Dalam RUU (rancangan undang-undang) inisiatif otonomi khusus Nangroe Aceh Darussalam dikatakan bahwa di masa yang akan datang anggota DPRD I akan berjumlah 100 orang dan hukum Islam secara murni akan diterapkan. Selain itu akan dibentuk Wali Nangroe selain Gubernur/Wakil Gubernur. Bagi pengamat politik otonomi daerah LIPI, Dr R Siti Zuhro, MA fenomena Aceh memang lain dari yang lain. Doktor lulusan Australia ini tidak begitu yakin bahwa penerapan syariah Islam akan benar-benar dijalankan meskipun dalam beberapa waktu yang lalu hukuman cambuk akan benar-benar ditegakkan sebagai kompensasi dijalankannya hukum Islam secara resmi. Bagi ibu satu putra ini kebijakan yang cenderung top down kurang bisa mengena sehingga hal di atas tidak yakin diterapkan dalam tataran baik elit maupun di tingkat grass root.

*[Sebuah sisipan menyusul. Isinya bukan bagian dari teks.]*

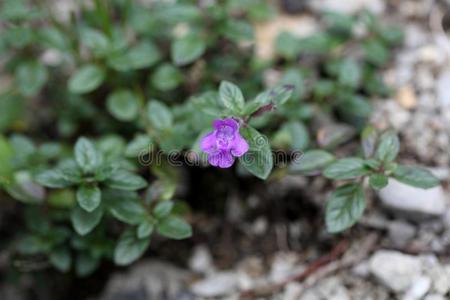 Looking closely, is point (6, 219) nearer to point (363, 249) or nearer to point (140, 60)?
point (140, 60)

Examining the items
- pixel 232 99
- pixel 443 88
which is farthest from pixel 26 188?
pixel 443 88

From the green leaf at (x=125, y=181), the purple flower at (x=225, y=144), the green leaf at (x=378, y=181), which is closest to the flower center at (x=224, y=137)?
the purple flower at (x=225, y=144)

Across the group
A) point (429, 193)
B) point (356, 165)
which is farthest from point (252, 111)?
point (429, 193)

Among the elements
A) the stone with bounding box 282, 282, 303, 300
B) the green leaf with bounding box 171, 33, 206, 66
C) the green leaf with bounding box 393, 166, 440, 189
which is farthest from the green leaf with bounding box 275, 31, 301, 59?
the stone with bounding box 282, 282, 303, 300

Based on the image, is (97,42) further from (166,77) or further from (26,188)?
(26,188)

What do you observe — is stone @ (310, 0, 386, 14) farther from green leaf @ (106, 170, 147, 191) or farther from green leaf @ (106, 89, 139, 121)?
green leaf @ (106, 170, 147, 191) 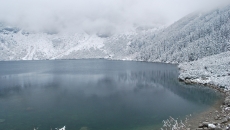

Dalam salah satu butir peraturan RUU tersebut juga dibahas masalah perimbangan keuangan daerah dengan porsi 80% untuk daerah dan 20% untuk pusat. Bagi Siti Zuhro hal ini hanya akan terwujud jika pemerintah benar-benar ikhlas dan didukung adanya political will, political commitment dan law enforcement diantara pemerintah pusat dan daerah. Jika beberapa syarat tersebut tidak ada maka kemungkinan hanya akan membuat otonomi khusus berwajah banci katanya. Disamping itu perlu untuk melihat kondisi aceh paska tsunami yang membutuhkan tidak hanya double tapi tripple perhatian serta perbaikan menyongsong otonomi khusus. Perjanjian Helinsky dipandang positif membawa kondisi aman di Aceh sehingga segala rencana ke arah pelaksanaan otonomi khusus dapat kondusif dilaksanakan.

Menanggapi masalah pembentukan wali nangroe diharapkan siapapun yang jadi wali nangroe harus ada semacam mekanisme fit and propper test. Lewat mekanisme ini diharapkan orang yang terpilih benar-benar capable mewakili dan mengakomodir semua kekuatan yang ada di Aceh. Menilik tujuan dibentuknya wali nangroe adalah sebagai simbol pemersatu rakyat Aceh bak sultan di Yogyakarta. Tetapi jika menengok proses pemilihannya yang dilakukan oleh lembaga Ahlul Hali Wal Aqdi dengan anggota 99 orang yang terdiri dari DPRD, MPU (majelis permusyawarakat ulama) maupun tokoh adat maka tidak tertutup kemungkinan ini akan menjadi semacam struggle of power oleh partai-partai yang termanifestasikan di dalam DPRD. Hal ini akan semakin panas jika partai lokal benar-benar terbentuk disana. Partai lokal sebagai salah satu tuntutan GAM dan akan direalisasikan 18 bulan setelah penandatanganan MoU Helinsky.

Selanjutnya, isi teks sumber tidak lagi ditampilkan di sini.